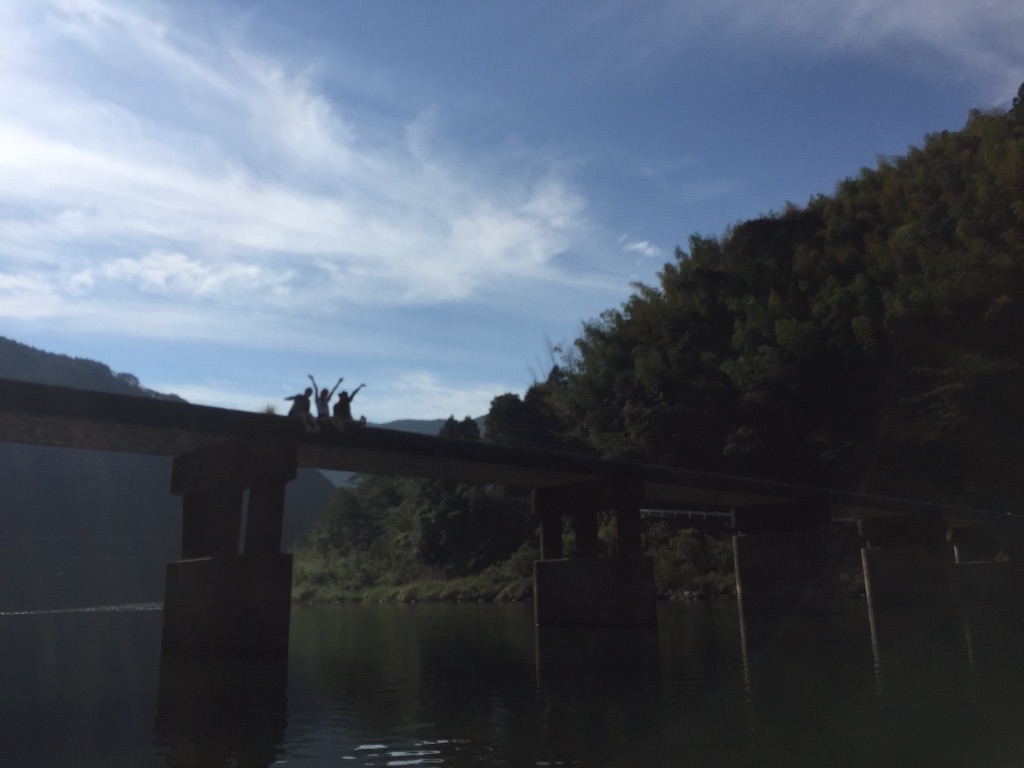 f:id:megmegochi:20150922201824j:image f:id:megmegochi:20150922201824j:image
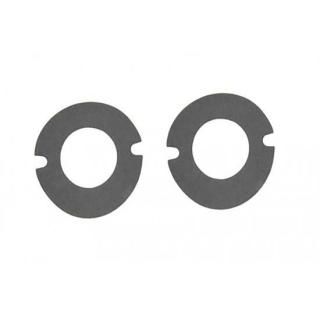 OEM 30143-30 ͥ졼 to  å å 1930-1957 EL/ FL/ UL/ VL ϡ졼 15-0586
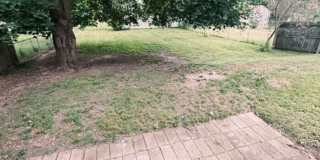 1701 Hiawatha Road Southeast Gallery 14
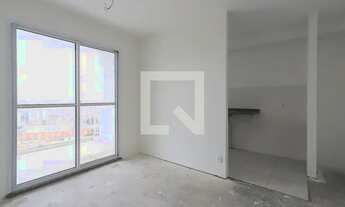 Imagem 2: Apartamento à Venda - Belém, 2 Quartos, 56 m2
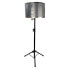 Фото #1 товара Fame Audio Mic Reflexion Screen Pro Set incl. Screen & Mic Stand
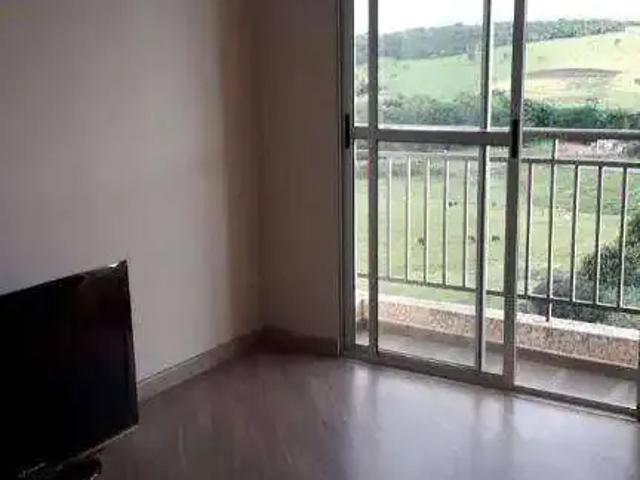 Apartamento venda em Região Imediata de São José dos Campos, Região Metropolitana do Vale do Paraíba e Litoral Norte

-*-

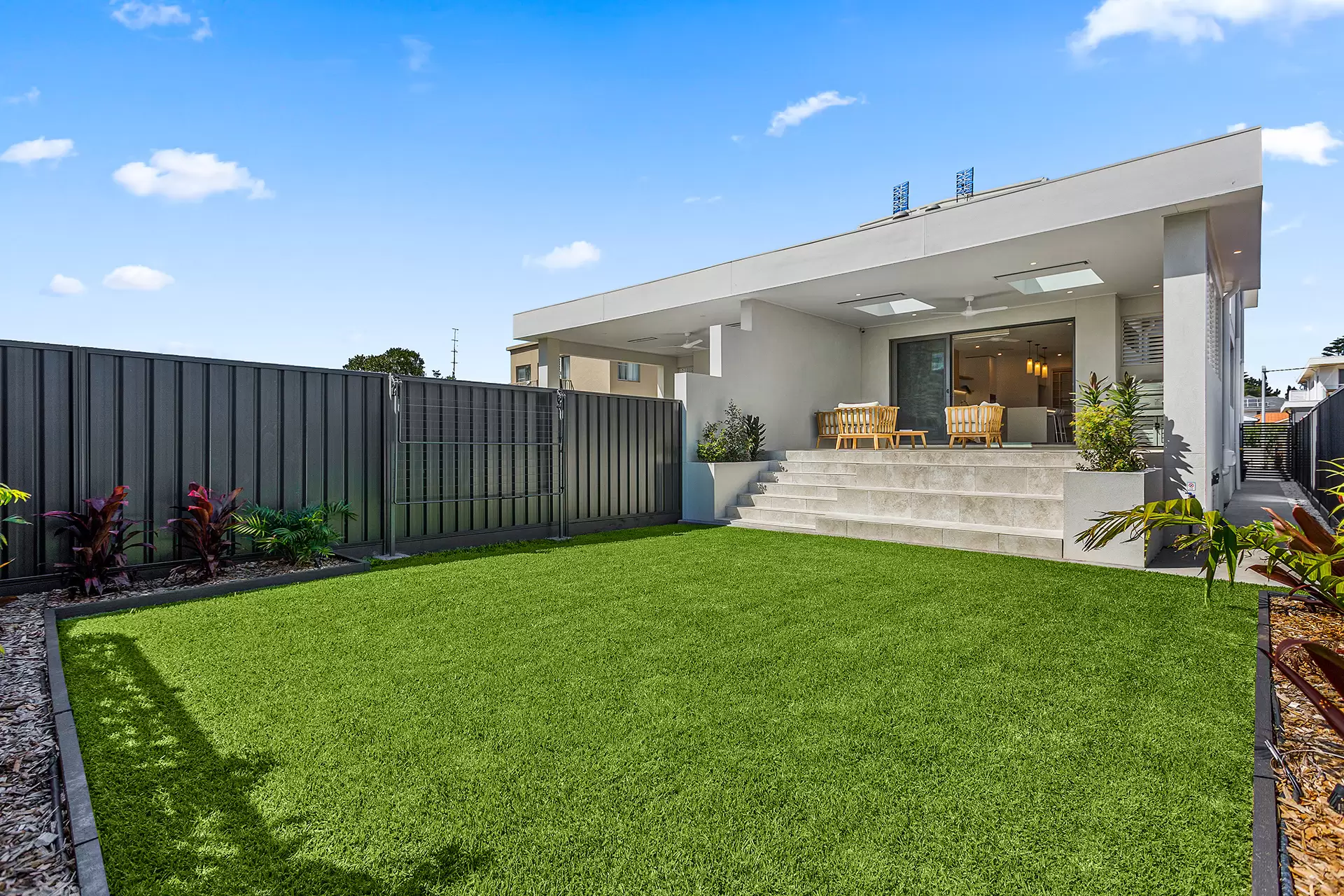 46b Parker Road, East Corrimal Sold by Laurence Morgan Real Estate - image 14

-*-

Keep to the stretch from the line containing "OEM 30143-30 ͥ졼" through the line containing "Apartamento venda em", both ends included, and copy it exactly from the listing above, minus the pictures.

- Task result:
 OEM 30143-30 ͥ졼 to  å å 1930-1957 EL/ FL/ UL/ VL ϡ졼 15-0586
 1701 Hiawatha Road Southeast Gallery 14
 Imagem 2: Apartamento à Venda - Belém, 2 Quartos, 56 m2
 Фото #1 товара Fame Audio Mic Reflexion Screen Pro Set incl. Screen & Mic Stand
 Apartamento venda em Região Imediata de São José dos Campos, Região Metropolitana do Vale do Paraíba e Litoral Norte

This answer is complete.